Q4: How is this guaranteed, can there be intermittent failures when a host which owns shard 1 goes down? How is that handled? How long can be this delay? During this delay the new workflows on this shard can’t be created I assume.
We use a gossip-based membership library ringpop. It is responsible for detecting host failures and updating the cluster membership in a timely manner. The delay usually within a second. The front end host retries a request to another host if shard membership changed during the request and usually the retry goes through. The SDK client code also retries requests if needed. We’ve seen use cases that had pretty tight SLA on workflow starts and we were able to ensure high availability during cluster deployments with a 3-second external client timeout.
Q5: If a history host goes down, then who get’s the shards on that host? Also how are the shards balanced if we scale up/scale down hosts?
Whatever host owns it based on the consistent hashing algorithm. So every time the cluster membership changes the shards are rebalanced. The consistent hashing is used to ensure that majority of the shards stay at their current hosts during resharding.
Q6: On shard ownership, how is guaranteed that the range id will be unique for each host? If there’s conflict there, it could lead to multiple writers for a workflow.
The shard hashing and the cluster membership based on gossip can lead to situations when more than one host believes that it owns the shard. To avoid inconsistencies all updates to the history service database are protected by a conditional update on the so-called range-id value. So Temporal uses DB to ensure 100% consistency in these situations. This video contains some details about this mechanism.
Q7: What happens if a shard writes the workflow data onto the persistence layer and moves the task to the transfer Queue, but before it could move the task to the Marcher’s Tasklist it dies? Are the Cadence workers meant to handle these scenarios?
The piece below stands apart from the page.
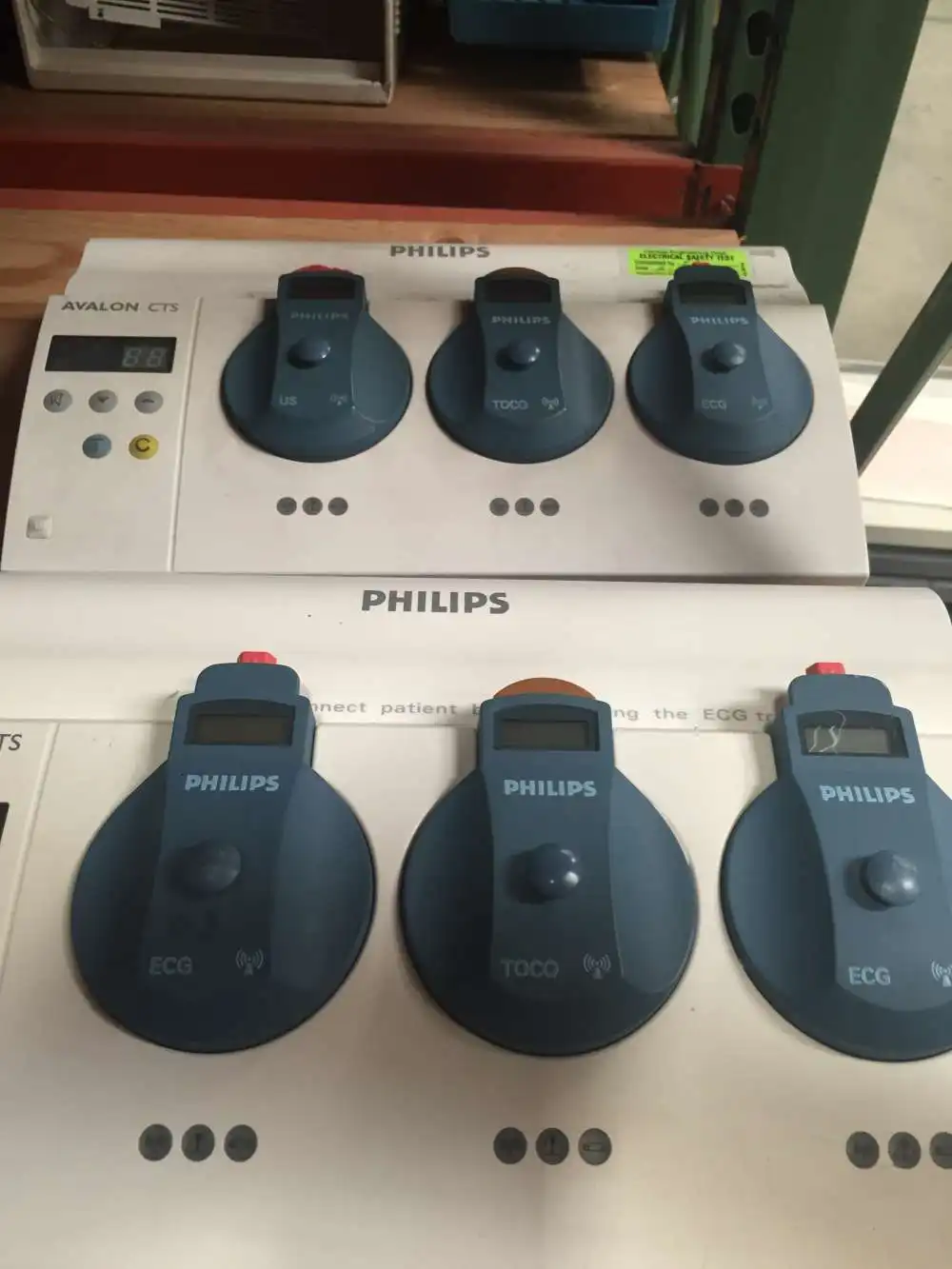 Philips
The new host is going to pick up the shard and then process all unacknowledged tasks from the transfer queue. So the task is going to be redelivered to the matching engine. Note that it doesn’t mean that workers will receive the duplicate as tasks are deduped before being sent to a worker.
Q8: In the video, Samar says, if a task is lost, it’ll cause a timeout and the workflows would need to handle those scenarios. What timeout field is being talked about here? Can we control it? What happens is that value is very high say 10 years? Does the workflow stay stuck for 10 years?
It depends on the task type. The relevant activity timeout is StartToClose
. All the timeouts are configurable by the workflow code. If an activity StartToClose timeout is set to 10 years (and workflow run timeout is set to a same or larger value as well) the workflow will be waiting for the timeout for 10 years.
Q9: Why is Cadence called a write heavy system? Should it not be read heavy due to fetching workflow state, history, on async polls?
Because of caching. Almost everything is cached on worker and history service nodes. So fetching of workflow states and full histories is only needed when a state is lost either due to process restarts or data being pushed out of caches in LRU manner.